Don’t you get lonely?
Sometimes! But I have plenty of video calls throughout the week for human interaction. And when I’m not in a meeting, I’m typically working alongside my local barista.
Top Tips for Avoiding Loneliness
- Get a dog. Or cat (but I’d recommend a dog).
- Work from the library or a coffee shop.
- Find a coworking space. Ask your employer if they would pay your admission for you.
- Reach out to people on Slack
Our #random Slack channel, talking about March Madness
How can you possibly be productive?
It does take a good amount of self-control to be productive when no one’s around, which is why I live and breathe by my to-do list.
Each morning, I make a checklist of things that need to be done and I motivate myself by seeing how many I can get checked off.
In some ways, working from home allows me to be more productive because there are fewer interruptions.
4 Musts to Stay Productive
- Create a to-do list. Every day.
- Consider some great project management software, or ask if your company is willing to invest in some (ClickUp, Teamwork, and Flow are great options).
- Stick to your designated working spaces in your house. Never, ever, ever work from your bedroom.
- Set goals and hold yourself accountable. We create “rocks” and have weekly check-ins with our managers to make sure we are on track to achieve these goals.
Do you feel connected to your coworkers?
Absolutely. During my second week at Spark, we flew out to Phoenix for our company retreat.
It was a great place to really get to know each other right off the bat. We also have a company-wide video chat every Monday for everyone to check in with each other, discuss any challenges we are having, and work together to solve them.

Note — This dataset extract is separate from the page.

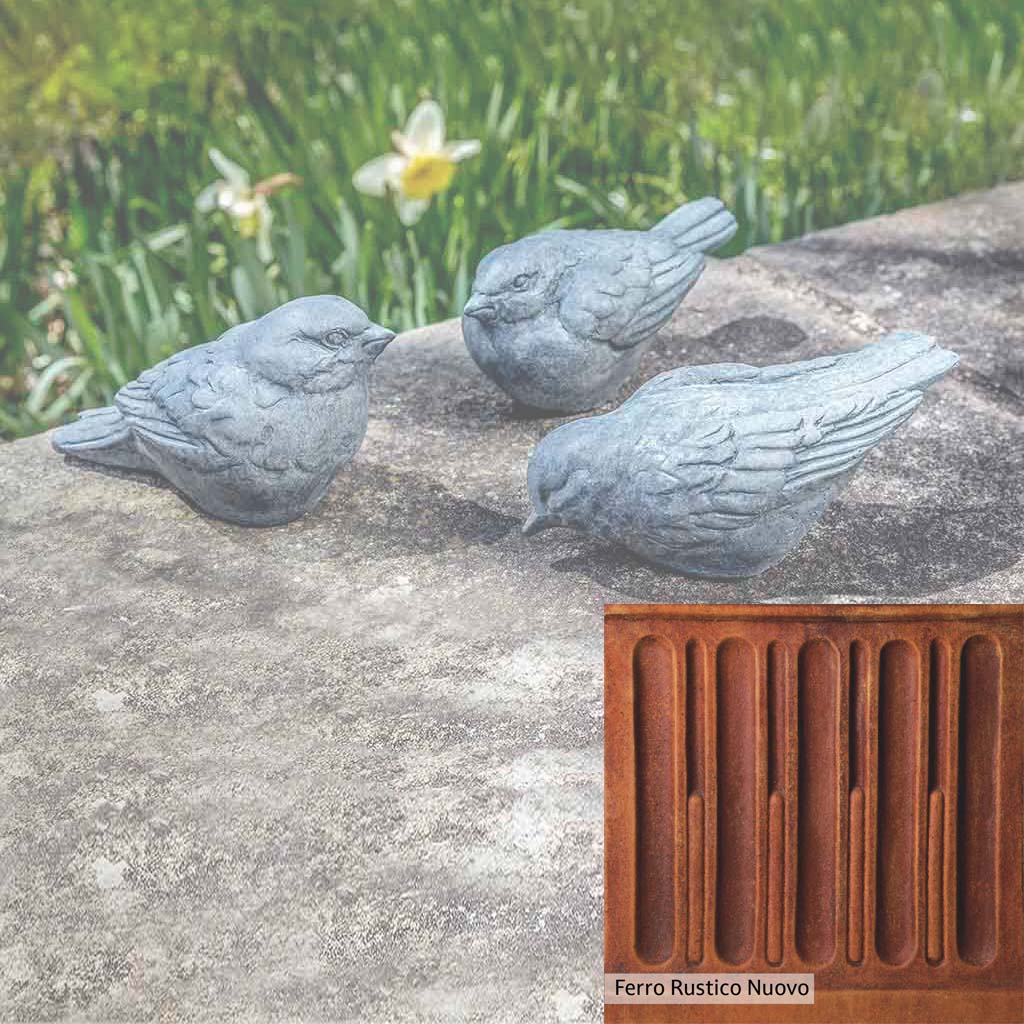 Campania International Trio d'Oiseaux Bird Statue - Elegant Garden Decor for Outdoor Patio, Yard & Home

Best Advice to Stay Connected
- Meet in person before you start the job. Don’t settle for a video chat interview before accepting a position. Don’t underestimate this, either—that initial human-to-human interaction can make all the difference for a happy employee and avoiding a bad culture fit. Some people are cool online, but vibe completely different in person.

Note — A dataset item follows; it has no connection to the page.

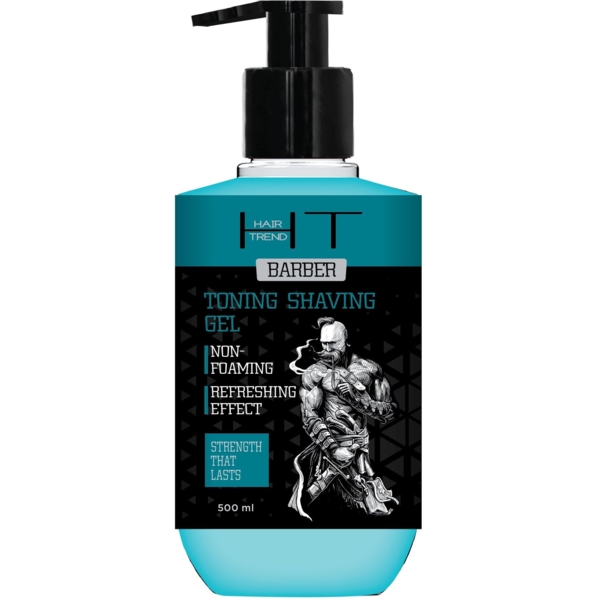 Гель для бритья Hair Trend Barber Тонизирующий с маслами 500 мл - Pampik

- Stay active on Slack, or whatever platform your company uses to chat internally, and encourage your team to use it, too.
- Have weekly video chats.
- Schedule meetings with coworkers to brainstorm, discuss an issue you’re having, or just to chat. It’s worth it!
What do you enjoy most about working from home?
The flexibility. And not having to drive through Atlanta traffic has done wonders for my overall happiness.
I mean, who wouldn't want an office-mate like this??
What’s your biggest challenge working from home?
When you work in an office, there’s typically a set time that you arrive and a set time that you leave.
But when you work from home, you never really leave “the office.”
It’s been a big challenge for me to close the computer and be done for the day, especially when my to-do list hasn’t been completed. But I’m learning that it’s important to set boundaries for myself.
Best Ways to Overcome These Challenges
- Set a start time and an end time for yourself, similar to how you would operate in an office.
- Have a designated working space in your house. Close the door to your office when you’re done.
- Don’t open the computer back up when you get an email that you could answer really quickly, “it’ll just take a second.”
What advice do you have for someone new to working from home?
Get up and move. If you stare at a computer screen all day, you’re going to get restless and lonely. Take your dog for a walk or go for a run at lunch. Stand up and get a cup of coffee. By changing up your scenery every once in a while, you’ll be more productive.
Working from home is such a gift, but it’s not for everyone. I don’t know if I can stress this enough—it’s not for everyone. Being honest with yourself with your needs is important for an enormous shift like working remote, but if it can work for you, it can be so WORTH IT.
It’s a relatively new trend in marketing and not all companies have their remote policies ironed out. Hopefully, my answers about remote life help you figure out if working from home is right for you, and helps you choose your next career move.